El cine a otro ritmo
El cine siempre ha parecido sentir predilección por una serie de granujas sin escrúpulos pero con códigos internos, criminales inteligentes o pintorescos con grandes planes en mente: los atracadores. Convertida en un subgénero en sí mismo, las películas de atracos han ido renovando sus figuras protagonistas para tratar de seguir conectando al espectador con estas personas de dudosa ética y moralidad.
Actualmente este objetivo, el de crear un personaje de bajos fondos atractivo para el público y fresco al mismo tiempo, se antoja cada vez más difícil sin caer en la repetición de lo ya conocido y el acopio de clichés que rodean al guante blanco (o no tan blanco).
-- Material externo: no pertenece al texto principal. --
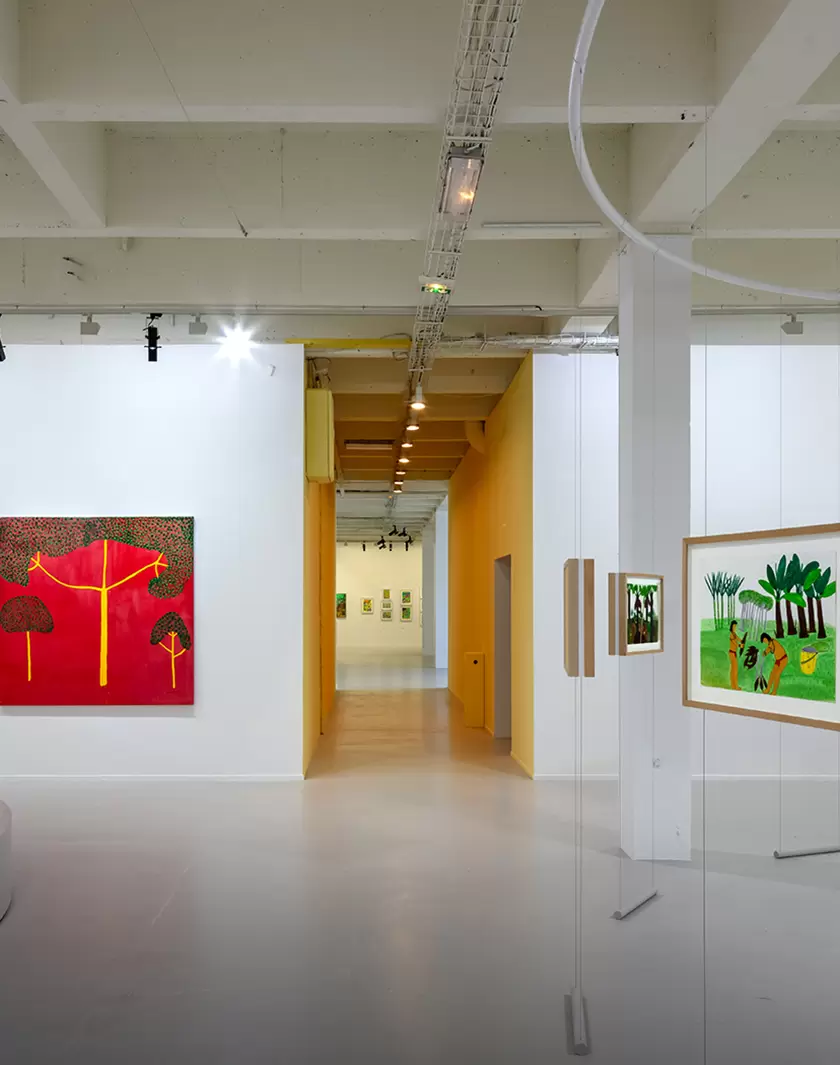 Exposition «Les Vivants»: pour une nouvelle cohabitation avec la Nature | Oeuvres de Sheroanawe Hakihiiwe et Joseca. Exposition « Les Vivants » de la Fondation Cartier pour l’art contemporain qui réunit au Tripostal de Lille quelques 250 œuvres issues essentiellement de sa collection. (Luc Boegly) | Françoise Blind-Kempinski - Directrice éditoriale et réalisatrice (journaliste Les Echos)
Ante este reto, Edgar Wright configura y dirige una historia que subordina todas las claves de dicho subgénero a su estilo personal. Y el resultado es un producto sorprendentemente fresco.
Baby, el aprendiz del crimen presenta a Baby, un personaje concebido para conseguir el favor del público y la empatía de cada persona sentada frente a la gran pantalla. No quiero entrar en reflexiones sobre la trampa de guión que supone crear un protagonista lleno de luces y sin sombras (es, simplemente, un buen chico envuelto en asuntos que nada tienen que ver con su forma de ser), porque, finalmente, el personaje funciona sin llegar a plantear si hay un lado oscuro de él que no llegamos a ver. Aunque sus acciones impliquen violencia, siempre están arropadas por una justificación moralmente buena.
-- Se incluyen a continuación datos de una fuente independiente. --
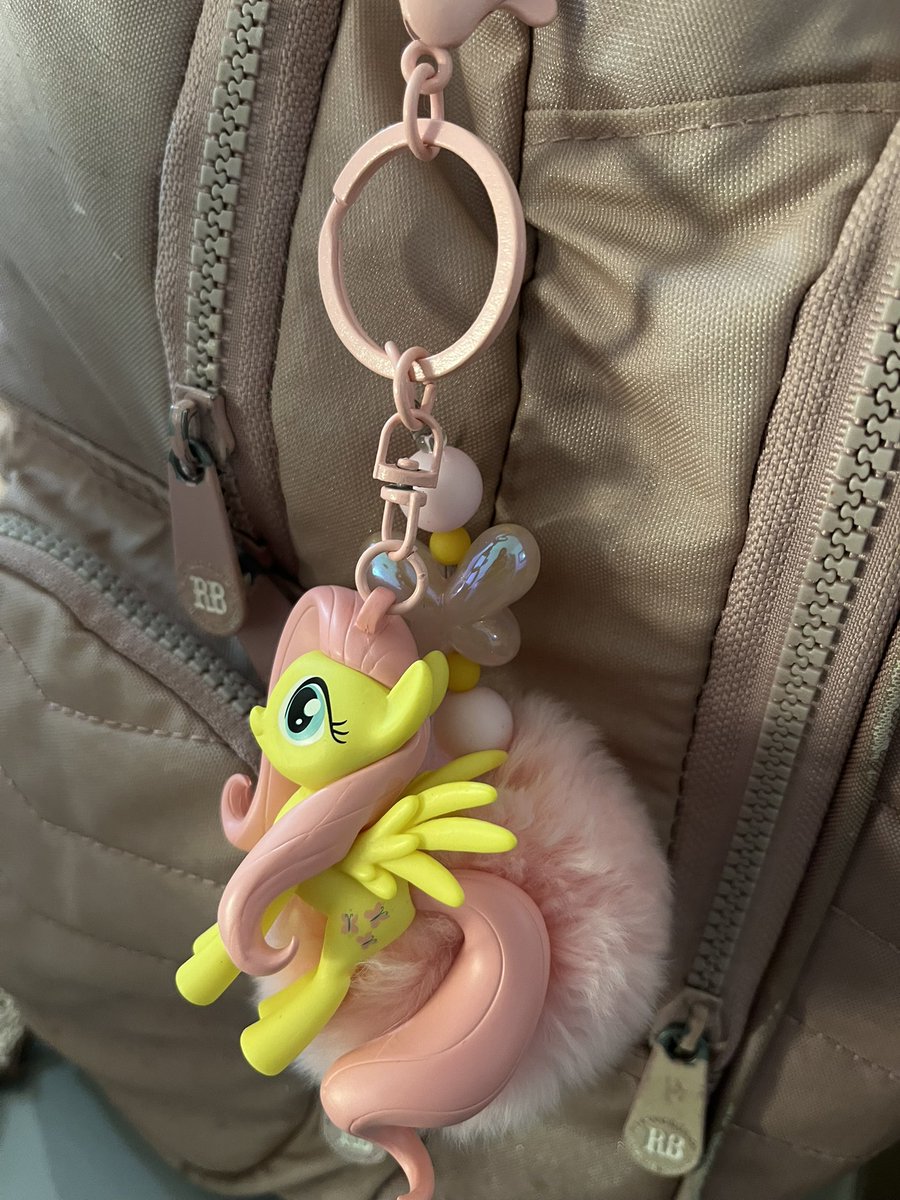 etherealangellz's tweet photo. carrying fluttershy around 💕 https://t.co/ssoICnw2D0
De esta forma se consigue que el espectador sufra con Baby, se alegre cuando gana y desee que consiga sus objetivos. En última instancia, buena parte de la tensión que funciona como motor argumental de una trama sencilla está creada por este deseo de que el protagonista salga indemne de los líos en los que se va hundiendo.
Además, se le da un atractivo mayor con una diferenciación especial a través de la música (auténtico hilo conductor del largometraje) y un pasado de sufrimiento que le convierten en una víctima que trata de realizarse en una vida que no le ha sonreído. ¿Trampa de guión? Puede que sí, pero al final de esto es de lo que trata el cine: empatizar con el protagonista, sufrir con y por una persona irreal. Esto es mucho más difícil de lo que parece, y Baby Driver lo consigue de forma impoluta.
Al margen de su protagonista, sorprende enormemente la gran presencia de la música en la película (tanto en las canciones que conforman la banda sonora como en una parte fundamental de la trama). Así, Wright establece un código de canciones que acompañan gran parte de la acción, lo cual raya en muchos casos en forma y fondo con el videoclip. Difícil tarea en este caso mantener la atención en un videoclip de casi dos horas, donde, de hecho, los grandes bajones de ritmo se producen cuando se apaga la música.
Se compensa positivamente con una planificación original y un humor ácido que proporciona la chispa que aviva los momentos más apagados. Merece además mención especial la forma en la que imagen y música se interrelacionan y complementan, así como los efectos de sonidos que se unen a la banda sonora, convirtiendo un disparo o el claxon de un coche en notas perfectamente armonizadas con los temas elegidos para la película.
Más allá de su trama predecible, el film se dirige a los espectadores como una experiencia sensorial, dejando a un lado cuestionamientos de su historia y disfrutar del complicadísimo trabajo de Edgar Wright y los suyos.